Another aspect of time is its flexible nature.  I’m sure that you are aware of how time can seem to slow down or speed up.  Sometimes a few minutes seem an eternity and sometimes an hour or more can seem to go by in the flash of an eye.  I have said before and will say it again that the longest two minutes in my life has been the two minutes of silence in a Remembrance Day Service.  This, of course, has nothing to do with it not being significant – just the opposite.  Every second of that silence holds deep significance. 

Exploring the issue of timelessness further, when we move from time to timelessness, we are entering the area of God’s time versus our time.  In timelessness we can speak of eternity.  Eternity does not mean a long time.  Eternity is beyond time – it is a state in which time does not exist.  This is something which is difficult for most of us to grasp.  We are like fish swimming in the water of linear time.  Our lives are measured by time which passes – things begin and end.  We wake up in the morning and check what time it is if we are fortunate enough not to be woken up by an alarm clock.  We begin an activity at a particular time and end it after the passage of time.  Time flows on and there seems to be no stopping it.  As the Joni Mitchell song says, “it won't be long now, till you drag your feet to slow the circles down.”  

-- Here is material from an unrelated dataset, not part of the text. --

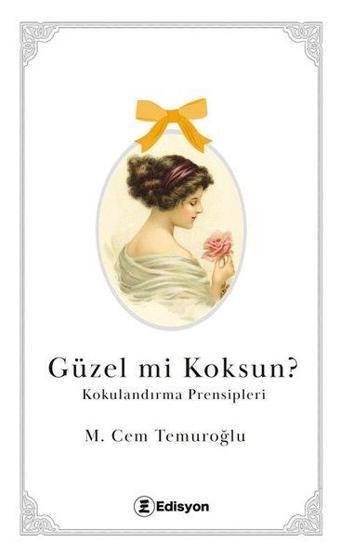 Güzel mi Koksun? Kokulandırma Prensipleri - M. Cem Temuroğlu - Edisyon Kitap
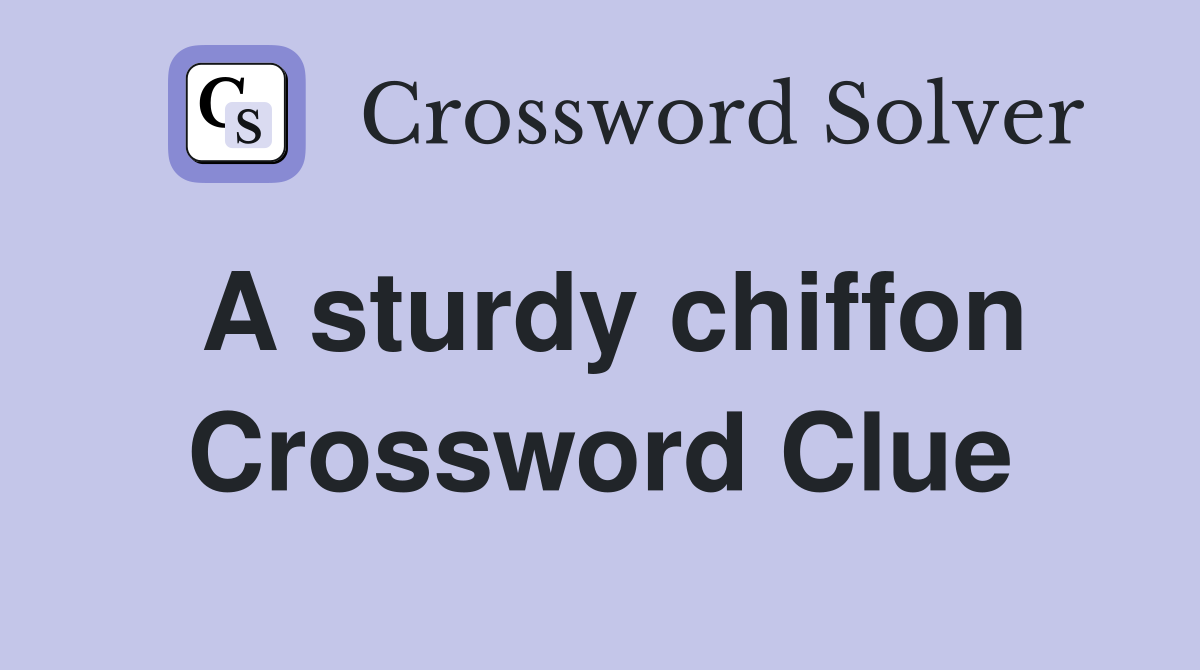 A sturdy chiffon Crossword Clue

When we move into timelessness and eternity we are moving from our time to God’s time.  I have been listening to recordings of Northrop Frye’s lectures on the Bible and Literature https://www.youtube.com/watch?v=v4Swyk_ZRy8.  He notes that the creation story in Genesis did not happen in linear time, it happens in God's time.  In effect it is a timeless event which is happening all the time. 

As Frye notes, the Bible speaks of time in two different ways; time is either Kairos or Chronos.  Simply put, Chronos is measurable time which has a beginning and an end.  Kairos, on the other hand, means an opportune time, a moment or a season such as harvest time.  Paul uses Kairos in the passage from Ephesians 5:15-16, “Be careful then how you live, not as unwise people but as wise, making the most of the time, because the days are evil.”  

If you have ever been caught in a moment when time seemed to stop or disappear, you have moved from Chronos to Kairos.  We need to be aware of when we want things to happen on our schedule, in Chronos and become aware that they sometimes happen in Kairos.  It is a reminder that as much as we like to believe it, we don’t often set the agenda.  That can be frustrating but it can also be liberating.

May you be blessed on your journey to experience it In Kairos and well as Chronos.